## Problem statement
Please give the entries below again exactly, omitting every picture.

## Extracted entries
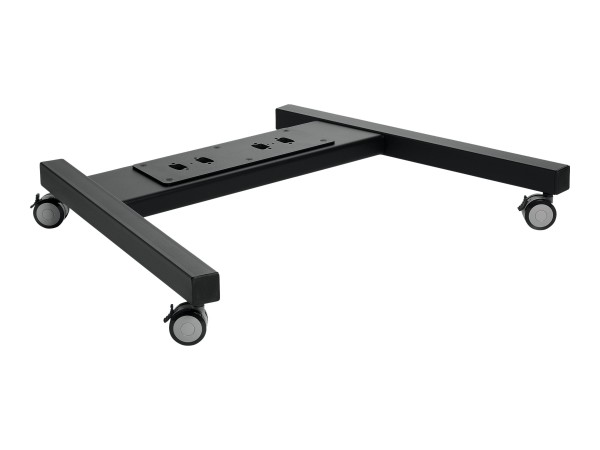 VOGELS VOGELS BS Vogel's Groß      PFT 8520 Connect-it Wagenrahmen  schw.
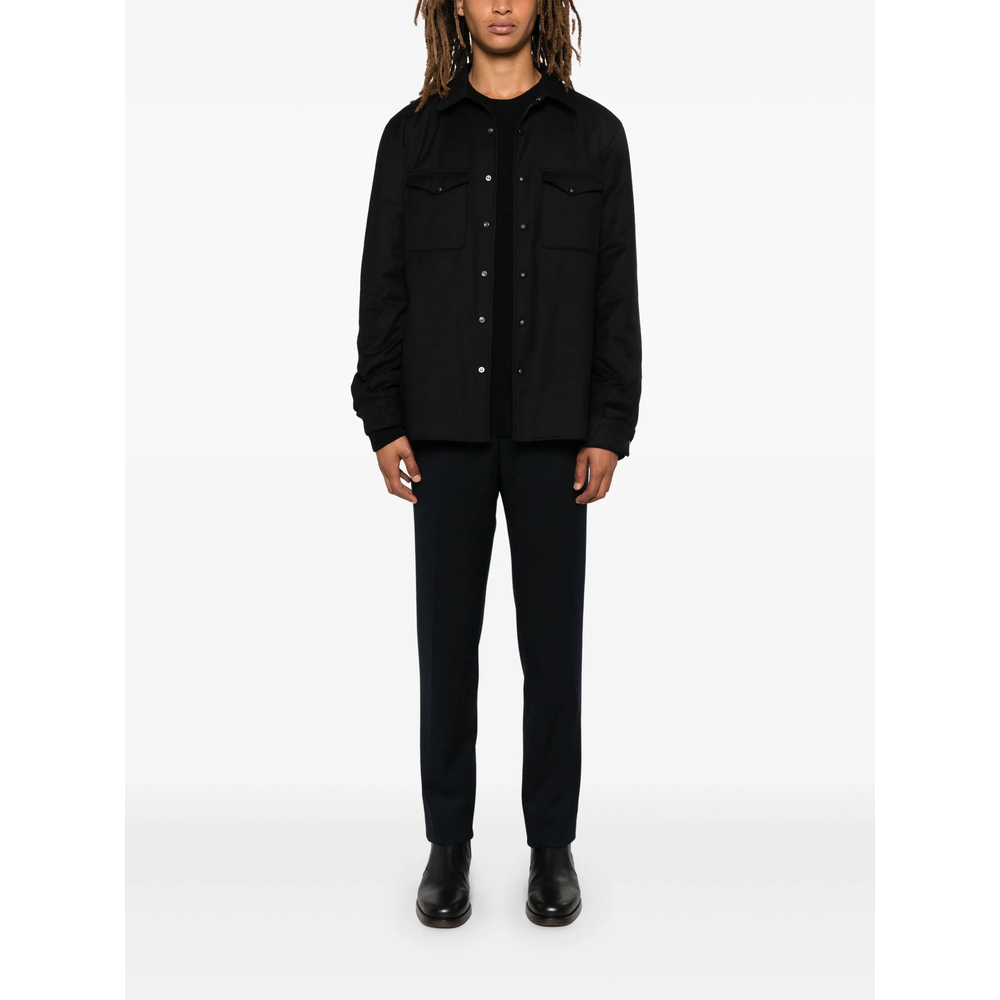 [Rota] Trousers FW25 E820P  7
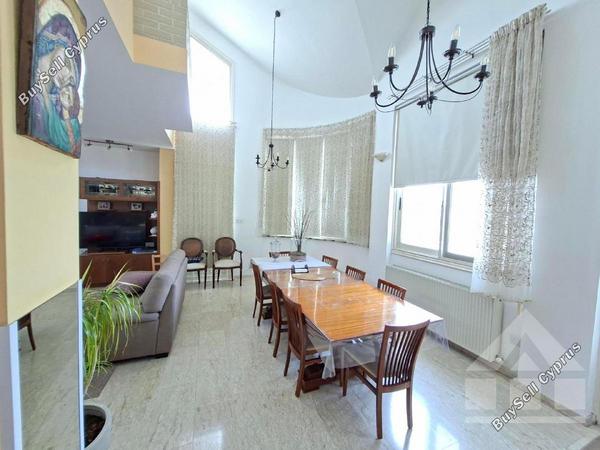 5 bedroom detached house for sale athienou larnaca 8333389 image 16171562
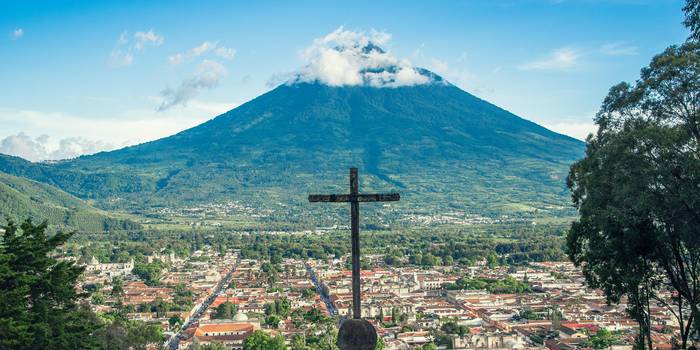 Durangoko Udalak Kubako, El Salvadorko eta Guatemalako hiru proiektu lagunduko ditu diruz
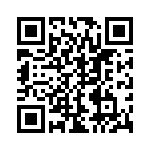 GBA14DTAN QRCode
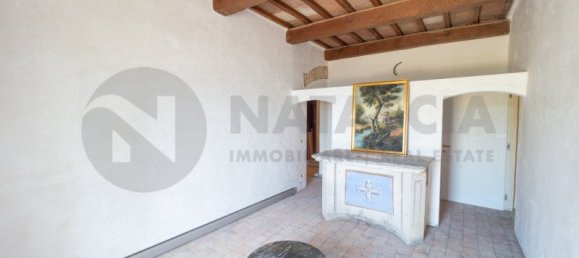 2 chambres Villa à Pontassieve, Italy No. 199615 20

## Exercise response
 VOGELS VOGELS BS Vogel's Groß      PFT 8520 Connect-it Wagenrahmen  schw.
 [Rota] Trousers FW25 E820P  7
 5 bedroom detached house for sale athienou larnaca 8333389 image 16171562
 Durangoko Udalak Kubako, El Salvadorko eta Guatemalako hiru proiektu lagunduko ditu diruz
 GBA14DTAN QRCode
 2 chambres Villa à Pontassieve, Italy No. 199615 20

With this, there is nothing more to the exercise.